── DATA IN THIS EXERCISE ──
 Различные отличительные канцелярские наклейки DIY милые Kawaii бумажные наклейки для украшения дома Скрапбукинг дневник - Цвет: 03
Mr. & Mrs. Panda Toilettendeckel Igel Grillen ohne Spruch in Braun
───
── DATA IN THIS EXERCISE ──
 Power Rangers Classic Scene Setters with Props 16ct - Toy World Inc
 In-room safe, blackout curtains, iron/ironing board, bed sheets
───
WORK TASK: Out of the data above, transcribe exactly and only the lines starting with the line that has "Power Rangers Classic" and going on through the line that has "In-room safe, blackout", both included.

OUTPUT FOR THIS EXERCISE:
 Power Rangers Classic Scene Setters with Props 16ct - Toy World Inc
 In-room safe, blackout curtains, iron/ironing board, bed sheets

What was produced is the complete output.